DATE: MONDAY, April 11, 1994                   TAG: 9404110044
SECTION: NATIONAL/INTERNATIONAL                    PAGE: A-4   EDITION: METRO 
SOURCE: Associated Press
DATELINE: WASHINGTON                                LENGTH: Medium


ELDERLY SHUT OUT LESS THAN EXPECTED

When Robert Zirk's doctor left Richland, Wash., it took Zirk's wife nearly a year to find another physician willing to accept the frail, diabetic retiree as a patient.

"When you turn 65, you become a second-class citizen," complained Bea Zirk. "You're at the mercy of doctors who won't accept you as a Medicare patient."

A new 491-page report to Congress says Medicare now pays physicians just 59 percent as much as private insurers pay. Five years ago, Medicare paid 68 percent as much.

The widening gap has stirred fears among health officials and advocates for the elderly that more Medicare patients could find themselves in the same boat as the Zirks.

Poor people on Medicaid long have encountered obstacles in finding private doctors to treat them; Medicaid pays just 47 percent as much as private insurance.

But Medicare, which covers virtually all of America's elderly, has never had that stigma.

The Physician Payment Review Commission, a 13-member panel that advises Congress on Medicare and health reform, said surveys of patients and physicians indicate that the problem so far is not widespread.

Relatively few seniors - one in 4,000 - complain to members of Congress about finding a doctor, and 95 percent of physicians taking any new patients accept those on Medicare.

Medicare patients with "an ongoing physician relationship appear to be the least at risk for loss of access," the commission said. "Once that relationship is broken, however . . . relatively lower-paying Medicare patients may have difficulty finding their way onto the schedules of already fully booked primary care physicians."

That's "just human nature," said Dr. Pepi Granat, a family practitioner in South Miami, Fla. "You can only see 25 patients a day. . . . If two people walk in the office and one's Medicare and one isn't, who are you going to take?"

Granat turns no one away from her solo practice, but doubts she could pay the rent if all her patients were on Medicare instead of just a third. The elderly often have multiple, chronic health problems.

"The Medicare patients take twice as long," said Granat. With an 85-year-old woman who came in unable to hear and without her glasses, "I had to repeat everything 10 times. I had to write out the instructions. How long do you think that stuff takes?"

Most doctors won't stop taking Medicare patients because "it's against the humane ethic . . . [and] even at the lower rate, we need those patients," said Granat.

The government in recent years boosted Medicare payments to general and family practitioners while cutting back on surgeons, cardiologists and other specialists. But the volume of services that doctors perform on Medicare patients grew by 50 percent from 1986 to 1993.

The Clinton administration, under its health reforms, would tighten the standards and reduce Medicare rates to just 43 percent to 52 percent of private rates by 2000, the commission estimated.

Without those reforms, Medicare would pay somewhere between 54 percent and 61 percent of private rates by then.

Bruce Vladeck, the head of the Health Care Financing Administration, which runs Medicare, said he is concerned about preserving "first-class access to service" for the elderly.

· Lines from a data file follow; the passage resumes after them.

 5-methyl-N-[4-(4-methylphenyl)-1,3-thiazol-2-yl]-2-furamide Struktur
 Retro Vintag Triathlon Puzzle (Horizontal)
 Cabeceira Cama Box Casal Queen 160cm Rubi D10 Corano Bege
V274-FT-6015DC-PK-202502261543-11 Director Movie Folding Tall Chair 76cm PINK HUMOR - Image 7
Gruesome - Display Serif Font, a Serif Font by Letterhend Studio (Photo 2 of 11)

But "it's sort of insane for a public program to try to continually play catch-up with an uncontrolled private sector," said Vladeck.

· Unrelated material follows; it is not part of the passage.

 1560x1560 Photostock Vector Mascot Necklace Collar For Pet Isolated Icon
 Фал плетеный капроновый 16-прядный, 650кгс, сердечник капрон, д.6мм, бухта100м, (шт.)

He's also skeptical about doctors' claims they lose money treating Medicare patients.

"Docs will tell you they're losing money if they treat somebody for $20 and they think somebody else would pay them $25 for the same thing. But they're still getting $20," said Vladeck.

Paul Ginsburg, executive director of the Physician Payment Review Commission, said treating Medicare patients is not necessarily a money-losing proposition.

More than half the revenues that physicians pull into their practice winds up in their net income, said Ginsburg.

"The fixed costs are already paid," he said. "What are the marginal costs of an additional patient? Some additional time for the physician, but no more rent, no more utilities, perhaps no more staff expenses. . . . There could still be significant additions to the physician's income."

Most Medicare patients are middle class with a longstanding relationship with their doctor, said Ginsburg. "The physician is not going to kick them out just because the Medicare payment rates went down a little bit."